Brief: The listing below contains a span that opens with the line containing "Plus Size Invisible" and closes with the line containing "EC8CQ ve EC8ADW". Return that span exactly.

Given data:
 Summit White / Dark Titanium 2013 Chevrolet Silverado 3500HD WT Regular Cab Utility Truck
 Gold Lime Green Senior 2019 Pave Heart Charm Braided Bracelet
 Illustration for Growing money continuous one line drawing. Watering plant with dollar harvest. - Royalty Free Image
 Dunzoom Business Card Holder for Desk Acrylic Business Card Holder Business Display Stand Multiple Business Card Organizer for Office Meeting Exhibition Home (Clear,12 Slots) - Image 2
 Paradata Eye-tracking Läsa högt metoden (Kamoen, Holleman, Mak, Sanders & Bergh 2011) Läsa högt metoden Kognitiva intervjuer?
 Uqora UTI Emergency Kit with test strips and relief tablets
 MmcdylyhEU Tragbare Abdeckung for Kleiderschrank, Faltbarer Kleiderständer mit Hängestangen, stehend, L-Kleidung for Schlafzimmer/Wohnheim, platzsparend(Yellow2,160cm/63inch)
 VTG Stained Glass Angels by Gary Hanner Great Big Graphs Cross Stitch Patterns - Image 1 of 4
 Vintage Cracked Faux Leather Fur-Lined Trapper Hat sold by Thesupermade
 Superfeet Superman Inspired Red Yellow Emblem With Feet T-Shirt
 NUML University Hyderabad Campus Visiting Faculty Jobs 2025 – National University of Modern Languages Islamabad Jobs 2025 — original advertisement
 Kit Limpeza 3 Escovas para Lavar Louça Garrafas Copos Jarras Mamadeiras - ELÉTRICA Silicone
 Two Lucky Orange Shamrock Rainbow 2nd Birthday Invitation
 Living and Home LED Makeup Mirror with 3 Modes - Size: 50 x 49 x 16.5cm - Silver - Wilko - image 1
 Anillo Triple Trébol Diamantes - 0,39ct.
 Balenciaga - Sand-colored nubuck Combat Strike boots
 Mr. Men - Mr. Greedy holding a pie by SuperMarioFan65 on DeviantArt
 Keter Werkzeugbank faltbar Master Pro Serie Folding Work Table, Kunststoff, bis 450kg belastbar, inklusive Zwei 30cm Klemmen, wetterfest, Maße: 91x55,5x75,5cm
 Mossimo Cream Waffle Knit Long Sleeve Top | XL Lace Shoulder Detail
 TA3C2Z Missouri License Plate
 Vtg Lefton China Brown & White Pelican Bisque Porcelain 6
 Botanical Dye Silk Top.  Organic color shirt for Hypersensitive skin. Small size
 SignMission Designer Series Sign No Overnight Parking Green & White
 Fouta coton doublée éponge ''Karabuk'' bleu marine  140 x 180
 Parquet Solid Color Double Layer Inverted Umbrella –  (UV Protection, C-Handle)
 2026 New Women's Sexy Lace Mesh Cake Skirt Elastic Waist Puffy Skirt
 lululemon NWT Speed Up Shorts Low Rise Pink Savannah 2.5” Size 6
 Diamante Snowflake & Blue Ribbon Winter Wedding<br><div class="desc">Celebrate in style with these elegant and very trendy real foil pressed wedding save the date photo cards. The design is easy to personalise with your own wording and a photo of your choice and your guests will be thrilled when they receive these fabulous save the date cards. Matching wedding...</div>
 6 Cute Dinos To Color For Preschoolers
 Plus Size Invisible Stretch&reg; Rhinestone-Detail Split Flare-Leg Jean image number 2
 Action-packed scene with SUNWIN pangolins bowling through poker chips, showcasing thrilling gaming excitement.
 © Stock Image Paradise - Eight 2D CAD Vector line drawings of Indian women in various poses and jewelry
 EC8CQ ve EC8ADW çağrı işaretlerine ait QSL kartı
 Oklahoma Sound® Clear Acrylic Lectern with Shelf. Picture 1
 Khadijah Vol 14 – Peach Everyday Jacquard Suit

Answer section:
 Plus Size Invisible Stretch&reg; Rhinestone-Detail Split Flare-Leg Jean image number 2
 Action-packed scene with SUNWIN pangolins bowling through poker chips, showcasing thrilling gaming excitement.
 © Stock Image Paradise - Eight 2D CAD Vector line drawings of Indian women in various poses and jewelry
 EC8CQ ve EC8ADW çağrı işaretlerine ait QSL kartı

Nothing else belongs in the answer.